The danger, and one feared by Howard Schultz, was that discipline might stifle creativity. Yet it soon became clear that Orin Smith’s discipline actually freed creative people (Howard Schultz among them) to use their abilities more effectively. Rather than fire-fighting when little things went wrong, the creative people in the company could concentrate on the issues that they could influence best. The front of store could look good and offer a great experience, but only because the back of store was functioning smoothly. Howard Schultz put it in this way: “In business, the front room is what the world sees: in our case, the coffee, the stores, the style, the brand. But the back room is where we win. The efficiency of the back room is really what’s made Starbucks a financial success.”
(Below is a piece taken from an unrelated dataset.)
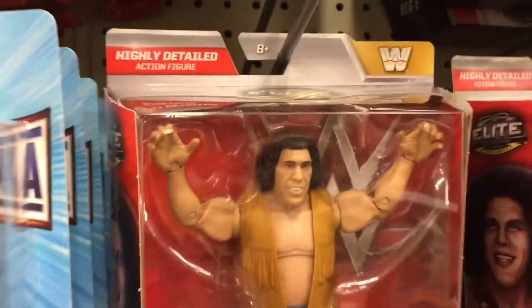And look at this — we got the Ambrose Asylum with so many cool accessories as well as a ring and cage. And let's keep looking — we got Andre the Giant. Not a big fan of that figure, probably leave it there.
By the end of the period leading up to 1992, certain truths about the Starbucks brand were becoming established. They were forced into the open by decisions that had to be made. One of these decisions – a key one for any brand – was about franchising. Given the rate of expansion envisaged, franchising would have been an easy option. Indeed, many competitors went the franchising route and grew faster than Starbucks at this time. Starbucks resisted the attraction of franchising because it could not then ensure the quality of its product and service. Similarly, other decisions were taken: not to flavor coffee beans artificially; not to use chemicals; not to sell beans through supermarkets. The wrong decisions would have led to a loss of product quality that would have undermined the brand. The right decisions were taken: to keep pursuing the perfect cup of coffee, using the best beans and roasting them to the high standards Starbucks had always set.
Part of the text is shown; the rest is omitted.